Amine-impregnated nanoarchitectonics of mesoporous silica for capturing dry and humid 400 ppm carbon dioxide: A comparative study

Various amine-impregnated mesoporous silica adsorbents were prepared for a comparative study of 400 ppm CO2 adsorption at room temperature (25 or 30 °C) under dry and 60% relative humidity conditions. Five types of amines–polyethylenimine (PEI), tetraethylenepentamine (TEPA), triethylenetetramine (TETA), diethylenetriamine (DETA), and ethylenediamine (EDA)–and three types of mesoporous silica with different pore structures (SBA-15, MCM-41, and MCM-48) were used.

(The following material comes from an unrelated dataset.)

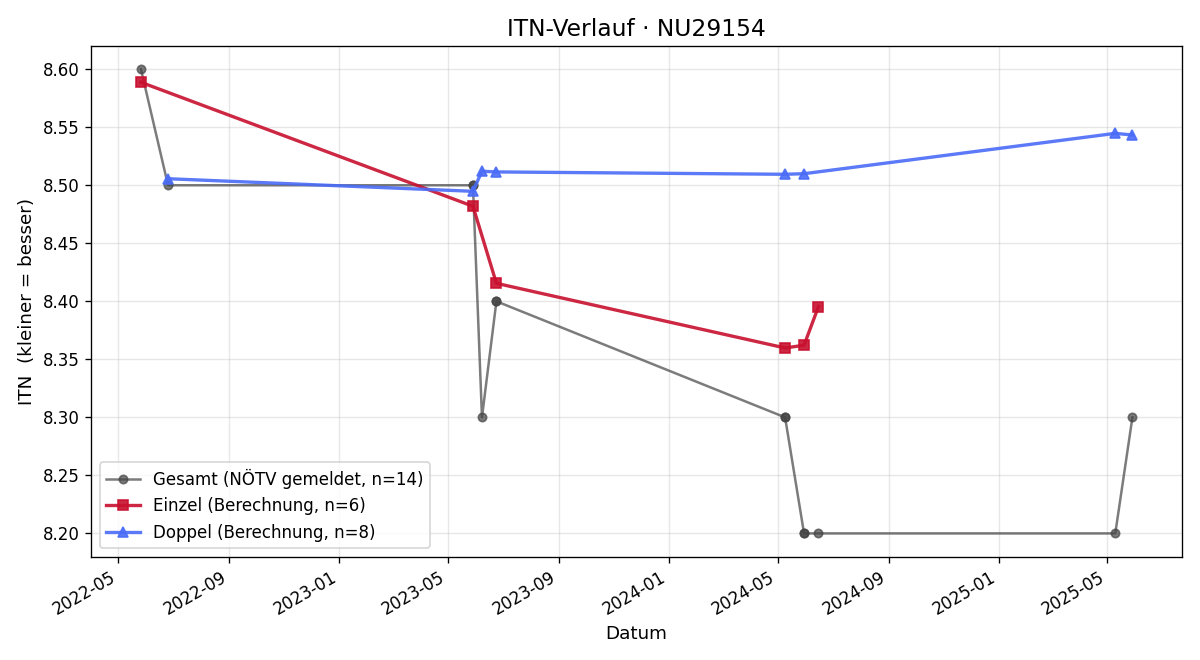 ITN-Verlauf Dietmar Joksch
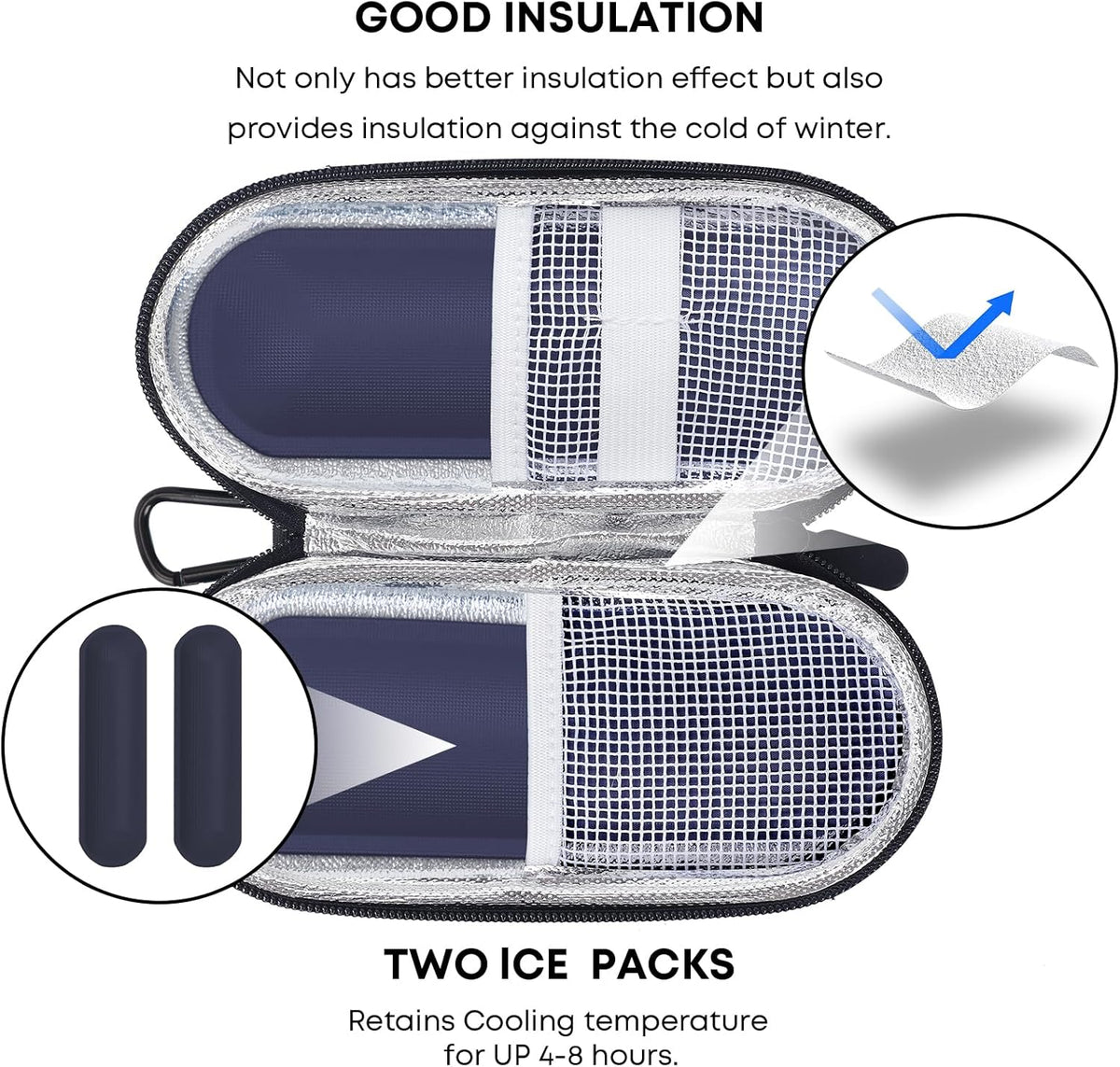 EVA Insulin Cooler Travel Case for Diabetic bag with 2 Ice Packs | Insulated Cooling Bag, 2 Ice Packs Included, For Insulin Pens, Organize Medication, Diabetic Supplies Storage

The amine loading amount was also optimized according to the CO2 adsorption results obtained using a thermogravimetric analyzer under dry conditions. SBA-15 samples with 50–60 wt% loadings of TEPA and TETA showed a relatively high adsorption capacity of approximately 2 mmol g−1. The adsorption capacities of EDA and DETA loaded samples were less than 0.5 mmol g−1. The PEI impregnated SBA-15 exhibited relatively high CO2 adsorption rate (0.058 mmol g−1 min−1). X-ray diffraction, Fourier transform infrared spectroscopy, N2 adsorption/desorption, and scanning electron microscopy revealed that the amines filled the mesopores of the sample. The amines also covered the outer surface of the mesoporous silica with narrow pore sizes (MCM-41 and MCM48). In humid conditions, SBA-15 with 50 wt% loading of PEI, TEPA, and TETA showed an adsorption capacity of 2.16 mmol g−1, 2.12 mmol g−1, and 1.80 mmol g−1, respectively. An enhanced capacity was observed under humid conditions, especially for the PEI-loaded samples. During the cyclic adsorption test, PEI-and TEPA-impregnated SBA-15 exhibited superior cycling stability compared to the sample with TETA, where the material retained a capacity of approximately 2 mmol g−1 over 10 cycles.